To tag a local image, set the docker-tag
option when building the container. The following command tags a Python SDK image with a date.
./gradlew :sdks:python:container:py2:docker -Pdocker-tag=2019-10-04
To change the repository, set the docker-repository-root
option to a new location. The following command sets the docker-repository-root
to a Bintray repository named apache
.
./gradlew :sdks:python:container:py2:docker -Pdocker-repository-root=$USER-docker-apache.bintray.io/beam/python
Pushing container images
After building a container image, you can store it in a remote Docker repository.

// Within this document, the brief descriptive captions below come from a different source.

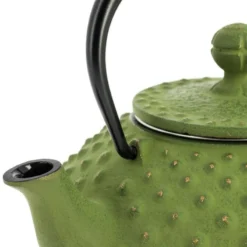 Iwachu Cast Iron Teapot - Green - 12 Fl Oz -Nippon Life Market theiere japonaise fonte iwachu vert 350 ml 261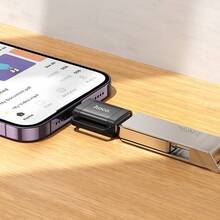 Адаптер HOCO UA31A USB - Lightning Black (6942007628082)
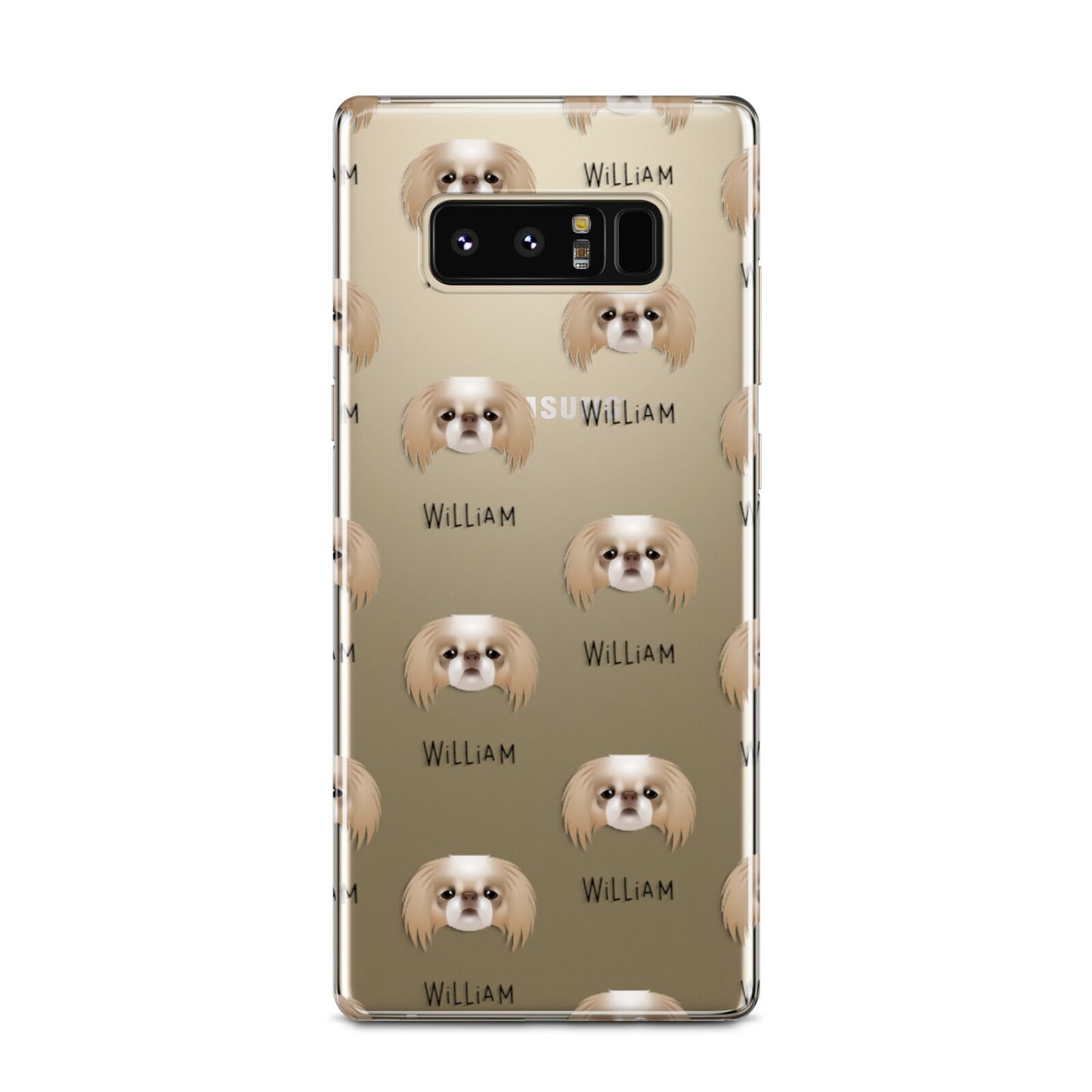 Japanese Chin Icon with Name Samsung Galaxy Note 8 Case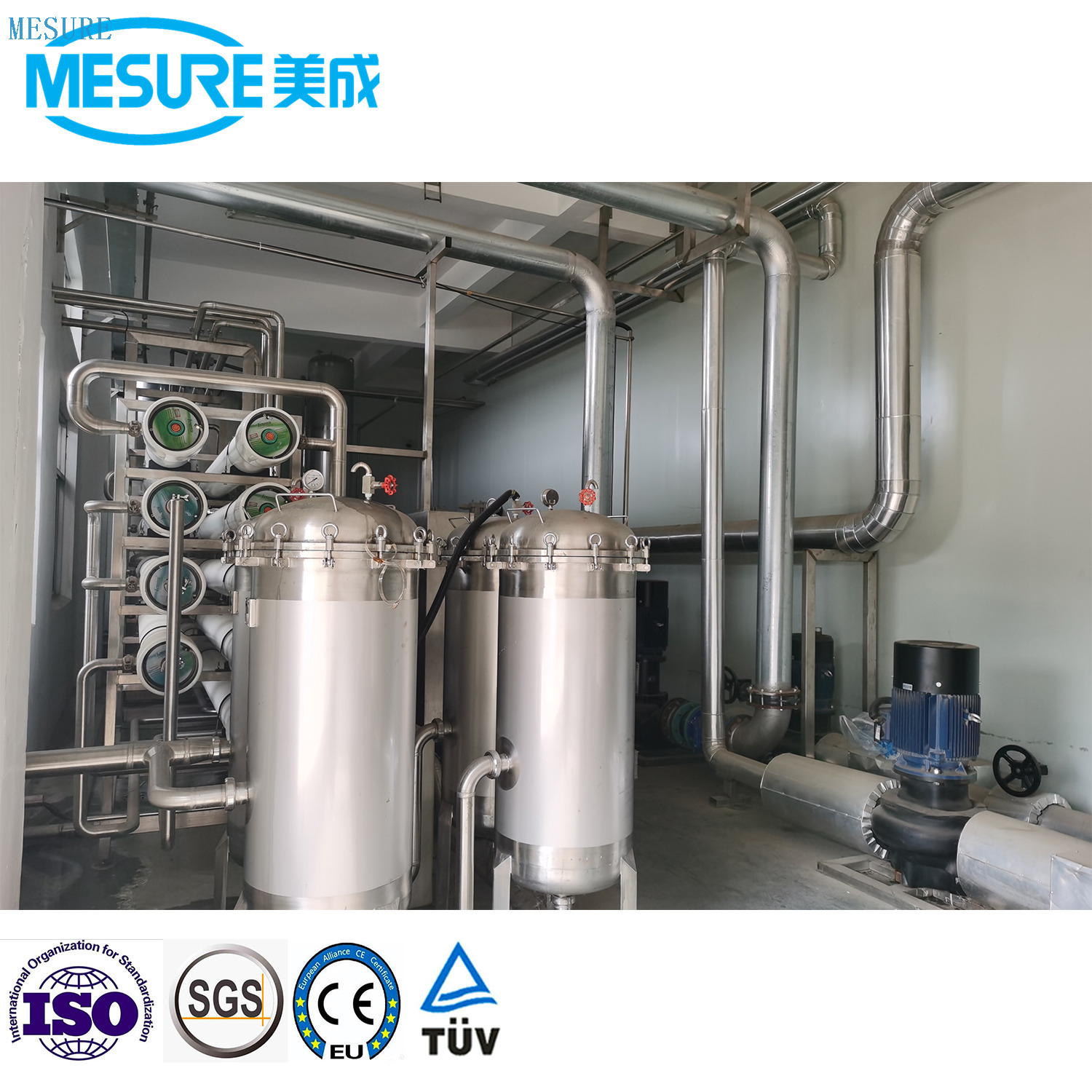 Plante du système de purificateur d'eau d'osmose inverse à haute efficacité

The following steps push a Python SDK image to the docker-root-repository
value.
- Sign in to your Docker registry:
docker login
- Navigate to the local copy of your container image and upload it to the remote repository:
docker push apachebeam/python2.7_sdk
To download the image again, run docker pull
:
docker pull apachebeam/python2.7_sdk
Note: After pushing a container image, the remote image ID and digest match the local image ID and digest.